The program was set to run with alsophhila default parameters: Five independent runs were performed to check for consistency of results. Using the allele data for each individual i.

Cyatheaceae: The Scaly Tree Ferns

To identify individual stems produced by clonal reproduction, we estimated the probability that two individuals share the same genomic combination plastid SSR haplotype and nuclear alsopphila by sexual reproduction p gen. However, the presence of identical ramets in distinct spatial clusters might be the result of sexual reproduction. Following Alberto et al. For each population, autocorrelation analyses were performed separately on the plastid SSR haplotype and gapCp allele data sets by considering only individual pairs belonging to different clonal categories.

To estimate how clonal growth affects SGS, we performed autocorrelation analyses using all pairs of sampled individual stems. All analyses were performed using Loiselle et alsoohila.

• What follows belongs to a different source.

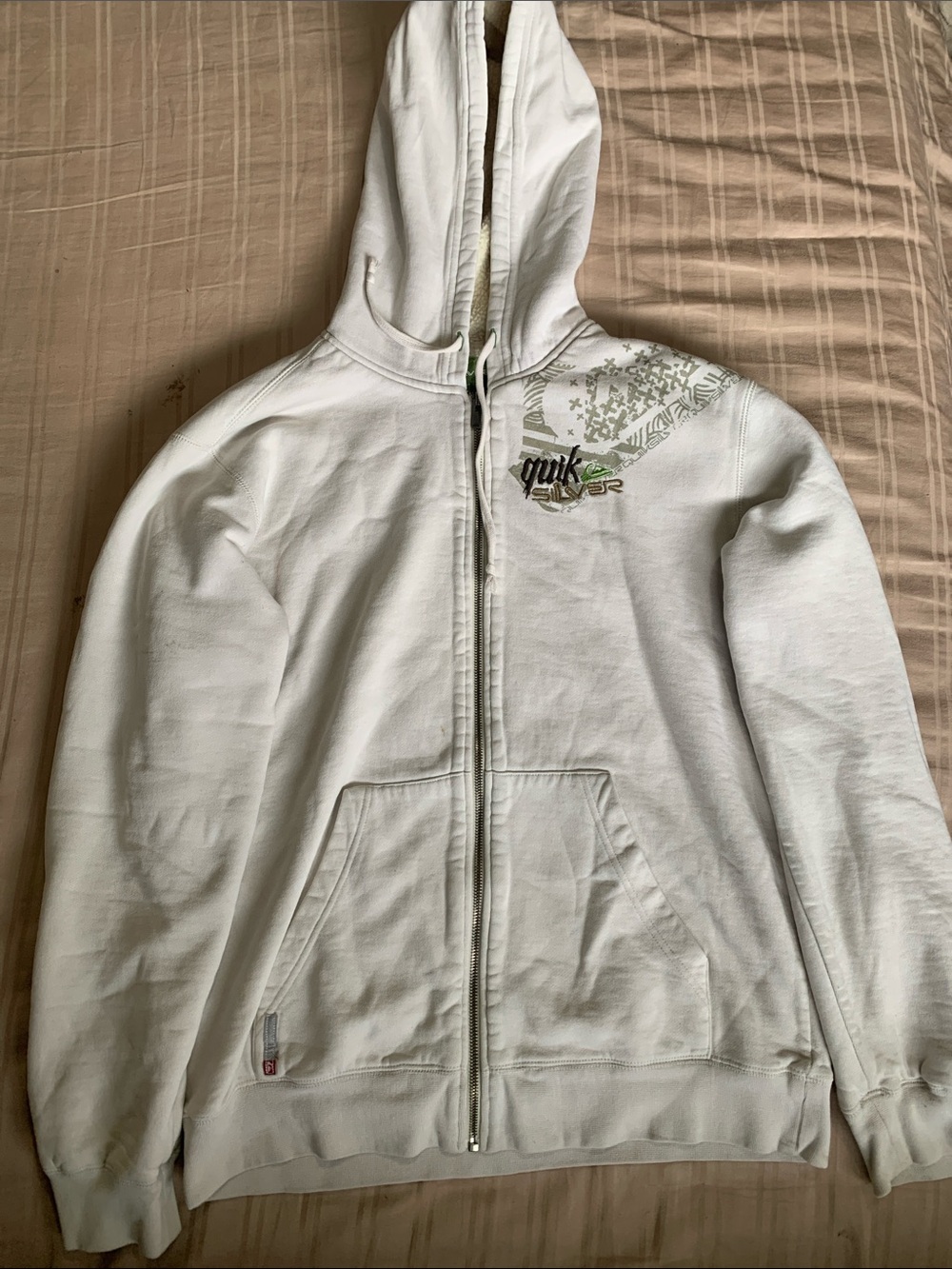 Quiksilver White Full-Zip Hooded Jacket with Subtle Chest Graphic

Kinship coefficients were computed for 20 distance intervals maximum distance in metres that alsiphila arbitrarily defined to maximize the number of pairwise comparisons. Significance of R L at each distance interval and the inbreeding coefficient F IS were obtained after 10 random permutations of individuals among locations and genes among individuals, respectively.

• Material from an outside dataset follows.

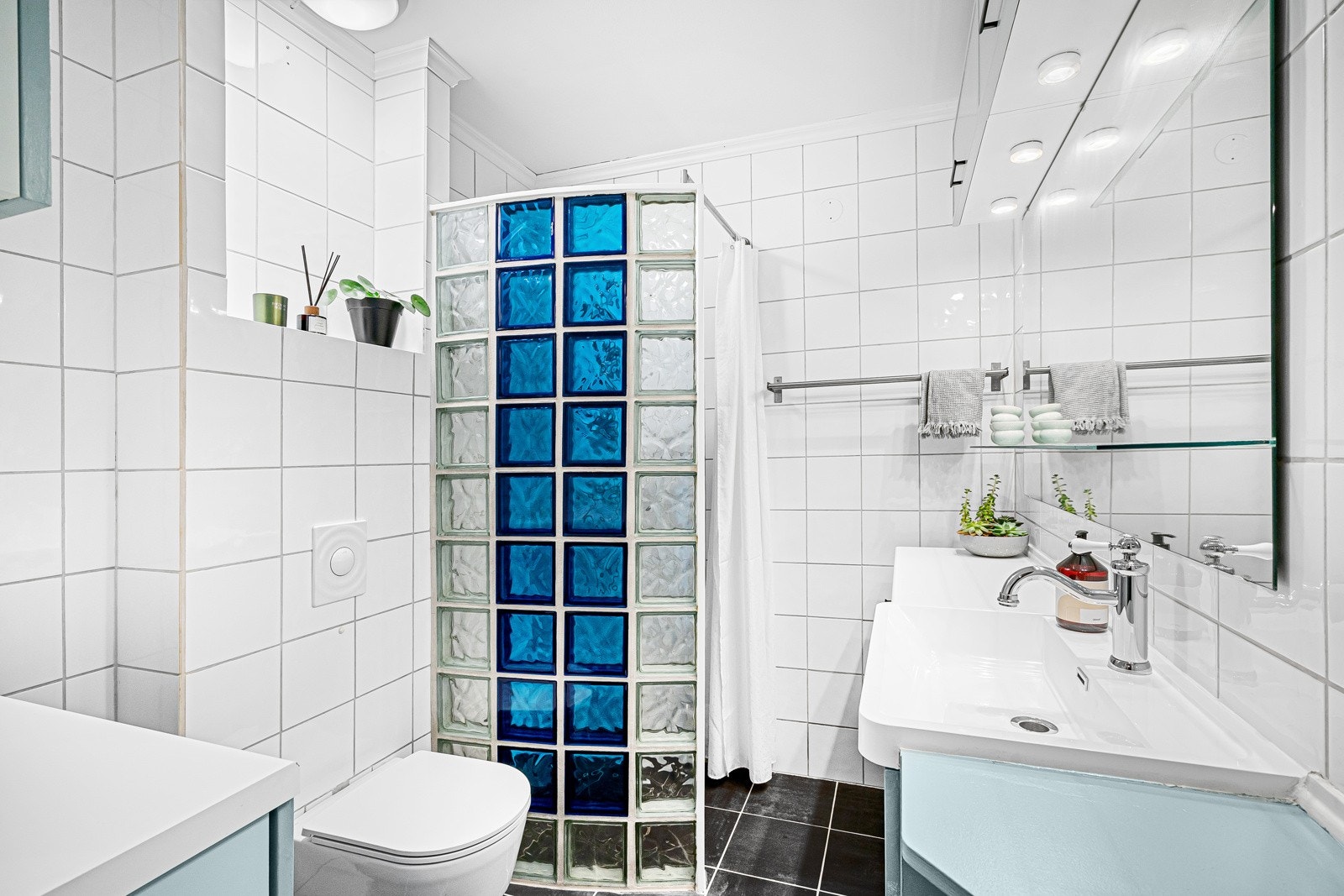 Romslig flislagt bad oppgradert i 2006. Galleribilde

Significant SGS was evaluated by testing the regression slope of R L on the logarithm of distance b R with 10 replicates.

In both populations of A. In general, these analyses indicated that individuals from ATL form more restricted and dense clusters than individuals from AH.

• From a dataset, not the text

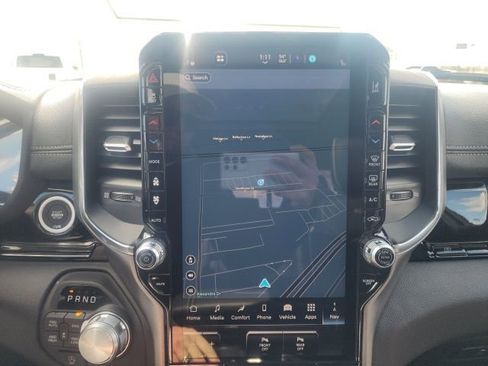 New 2026 RAM 1500 Laramie AWD/4WD image 6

The ATL population showed a higher O -ring statistic at the first distance interval and a more rapid decrease of clustering with increasing distance. The tests performed with the reduced datasets showed dirma the reduction in sample size in AH produced a less intensive clustering, but did not affect the spatial patterns of clustering data not shown. Spatial aggregation O -ring statistic of individuals in the two studied populations of the tree fern Alsophila firma AH: In plants with wind dispersion and random mating, the values of observed heterozygosity H O should approach those of gene diversity H S.

The two studied populations of A. Accordingly, inbreeding coefficients F IS were not significantly different from zero. Populations also exhibited a high genetic diversity for the five plastid SSRs, with similar measures of haplotype diversity, 0. There was no evidence of significant levels of homoplasy due to mutation in the five plastid SSRs.

Genetic diversity estimates for plastid haplotypes plastid SSRs and nuclear alleles gapCp and statistics of clonal extent in the two studied populations of the tree fern Alsophila firma AH: The genetic analyses showed that c. Accordingly, both populations showed substantial levels of clonal diversity R0.

Given the numbers of nuclear markers used, a low power to detect sexually produced identical genotypes is possible, especially in AH, where there is a single most common nuclear gapCp-M allele Supporting Information Table S2. This is probably related to differences in the size of clones i.

The proportion of clones occurring more than twice was greater in ATL than in AH, where the bigger clones comprised six and nine individual stems, respectively Supporting Information Fig. The analyses of SGS in the two populations of A. Permutation tests showed alophila regression slopes were significantly different from zero in all analyses Table 2.